Figure 3 shows the single LHX tag in CSL6039 immediately after surgery (A), and 43 days after the procedure (B), illustrating the mobility of the transmitters. In TJ22, the single LHX tag had also moved cranial in the animal 28 days after surgery (C). Wound healing progressed very well in all sea lions. Figure 4 shows incisions sites in one SSL after 26 days (A) and one CSL (B) prior to release. All animals showed minimal swelling at the incision site after surgery. A mild clear discharge was noted in two SSL, which may have been associated with skin sutures that were placed too tightly or possibly due to the use of tissue glue preventing drainage. Though surgical steel staples may shorten procedures by up to 15 minutes, they require an additional sedative procedure for removal when compared to absorbable suture on the skin and as a result are not viable for field deployments. No indication of surgical site dehiscence or wound infection was observed as a result of the procedure. No evidence of bacteremia or septicemia was noted in any of the 19 study animals.
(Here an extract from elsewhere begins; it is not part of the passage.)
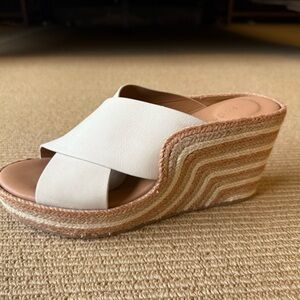 Gentle Soul Women's Cream Sandals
All four CSL were deemed releasable based on demonstration of normal behavior, absence of abnormal blood values on CBC and serum chemistry, good body condition, and healed incisions. All 15 SSL were deemed clinically healthy at the time of release based on pre-established release criteria 11. The four CSL were only monitored for relatively short periods (nine to 47 days) following their release (Additional file 1). This was because release for three animals occurred near the time of annual molt, likely leading to the rapid shedding of external transmitters. These animals were not branded, and no consistent re-sight effort exists in the region. Dive behavior of the four implanted CSL was not compared to control animals since no data on post-release behavior of non-implanted, rehabilitated CSL was available.

Post-release tracking of SSL is reported elsewhere 17, but results revealed diving and ranging behavior comparable to non-implanted control animals 16. Animals were tracked following their release for 29 to 182 days (Additional file 1). These animals were released in an area with a considerable re-sight effort through research trips (Alaska Department of Fish and Game, Alaska Sea Life Center) and remote video observation systems 18. Through external tracking devices and re-sight efforts, minimum post-implant survival was confirmed for an average of 73.7 days (SE = 9.0, n = 4 CSL) and 236.6 days (SE = 71.5, n = 15 SSL), respectively (Additional file 1).